Mazzoni Valerio
After graduating from the University of Pisa in Agricultural Sciences in 2000, with an entomology thesis on the phenology of vine leafhoppers, he obtained a PhD in Plant Production Sciences in 2005 at the Department of Cultivation and Protection of Woody Species, University of Pisa, under the supervision of Prof. Luciano Santini. His doctoral dissertation, titled “Planthoppers and leafhoppers (Hemiptera: Fulgoromorpha and Cicadomorpha) in the vine agroecosystem: faunistic and bio-ethological investigation on the main grapevine species of Western Tuscany”, focused on the taxonomy, ecology, and behavior of Auchenorrhyncha in vineyard systems.
After receiving a young‑researcher grant in 2005–2006, he collaborated in 2006–2007 on a major Trentino research initiative funded by EU programmes (Safecrop), spending a research period at the National Institute of Biology in Ljubljana under the guidance of Dr. Meta Virant‑Doberlet. This experience marked the beginning of his long‑term specialization in Biotremology, which has since become the central theme of his scientific career.
Since 2008, he has been based in Trentino as an entomologist at the Agricultural Institute of San Michele all’Adige, which became the Edmund Mach Foundation (FEM) in 2010. In 2017 he became head of the Agricultural Entomology Research Unit, and in 2019 he also took responsibility for the Plant Pathology and Agricultural Microbiology Unit. Since January 2022 he has led the Plant Protection Research Unit, created by merging the two groups.

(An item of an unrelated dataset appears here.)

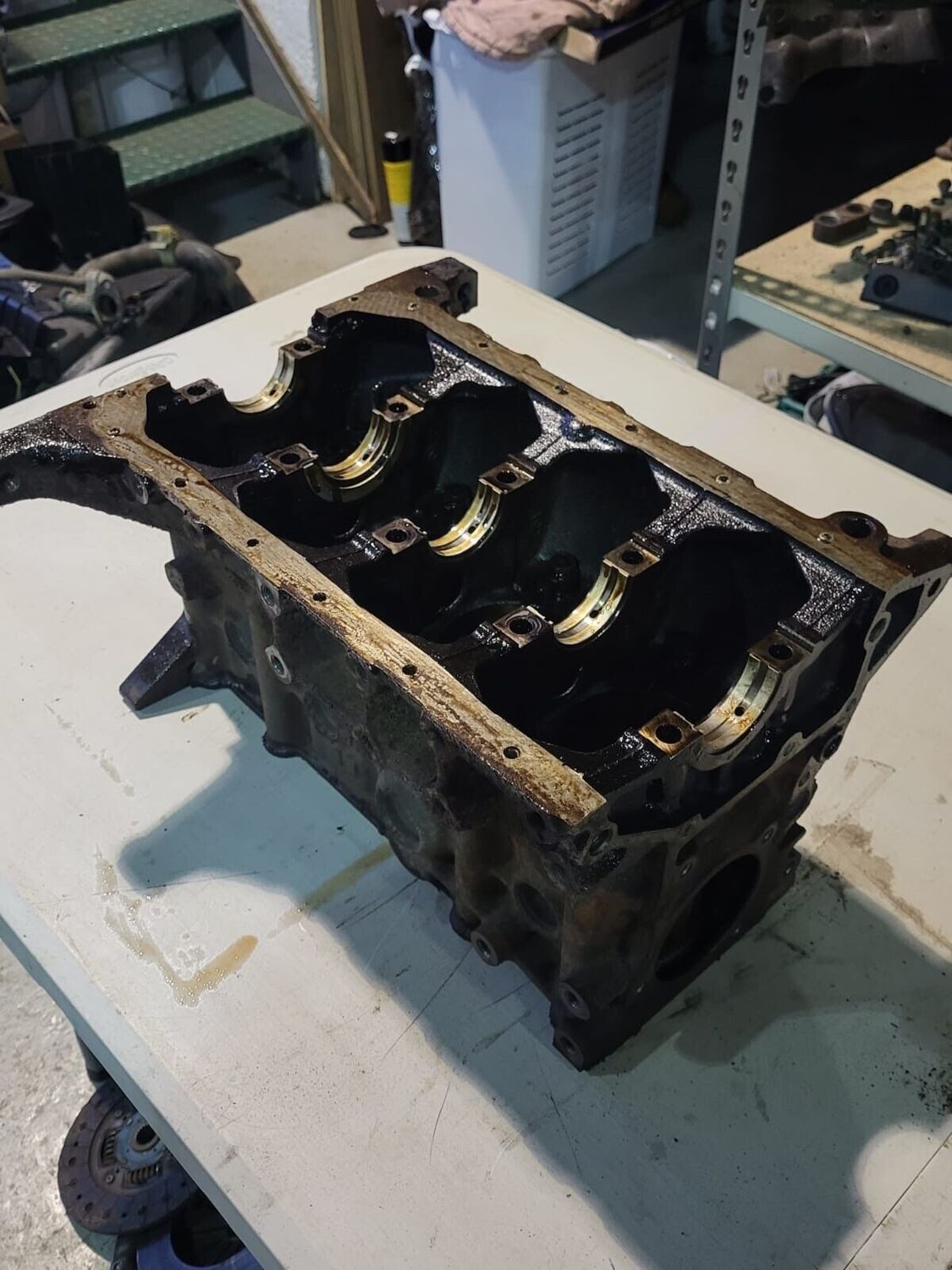 MAZDA MX5 MK2.5 VVT ENGINE BLOCK 1.8 VVT EXCELLENT CONDITION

He is the author of more than 100 peer‑reviewed articles in international journals and editor of two scientific volumes published by Springer: “Biotremology: Studying Vibrational Behavior” (2019) and “Biotremology: Physiology, Ecology, and Evolution” (2022).

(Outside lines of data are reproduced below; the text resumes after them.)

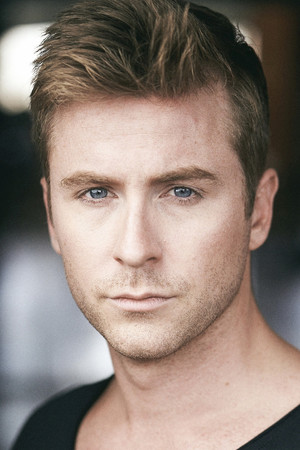 Chris Maher portrait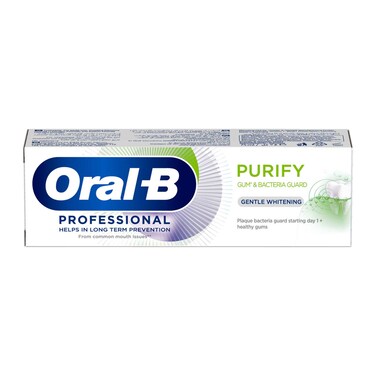 Oral B Professional Toothpaste - 75 Ml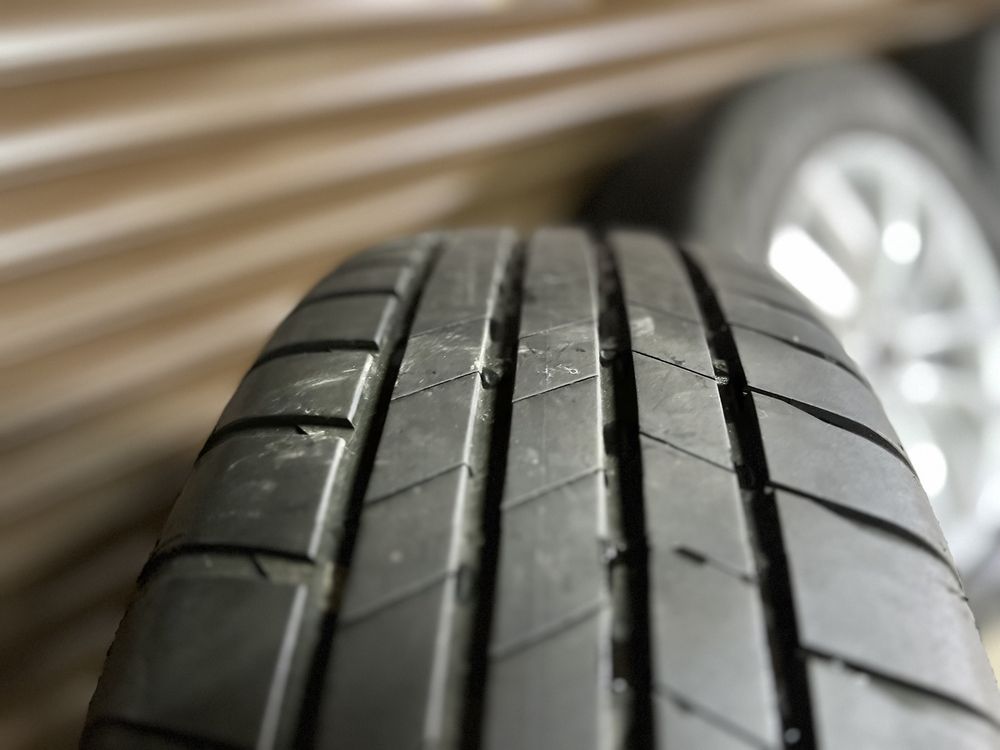 Титани VW  Passat R16 215/60 Оригінал без пошкоджень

He serves as a scientific evaluator and Monitor for the Research Executive Agency (REA) of the European Commission and as reviewer for several international funding bodies, including the Austrian Science Fund (FWF), the Human Frontier Science Program Organization (HFSP), the National Science Foundation (NSF), among others.
He is the creator of two pest‑control technologies that received the Bernard Blum Award in 2017 and 2022: Tremos, for vibrational mating disruption, and Shindo, the first trap worldwide combining pheromones and vibrational stimuli.
In 2016 and 2018 he served as main convener of the First and Second World Congress of Biotremology, after which he was appointed “Trentino Ambassador for Congresses”.